## Task statement
Reproduce only the lines from the one containing "Homestay Semenyih 3" through the end of the data, exactly as they stand.

[[ Given data, beginning ]]

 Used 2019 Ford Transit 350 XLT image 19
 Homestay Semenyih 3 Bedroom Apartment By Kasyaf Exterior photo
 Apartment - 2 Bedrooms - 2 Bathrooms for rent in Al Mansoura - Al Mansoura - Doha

[[ Given data, end ]]

## Answer to the exercise
 Homestay Semenyih 3 Bedroom Apartment By Kasyaf Exterior photo
 Apartment - 2 Bedrooms - 2 Bathrooms for rent in Al Mansoura - Al Mansoura - Doha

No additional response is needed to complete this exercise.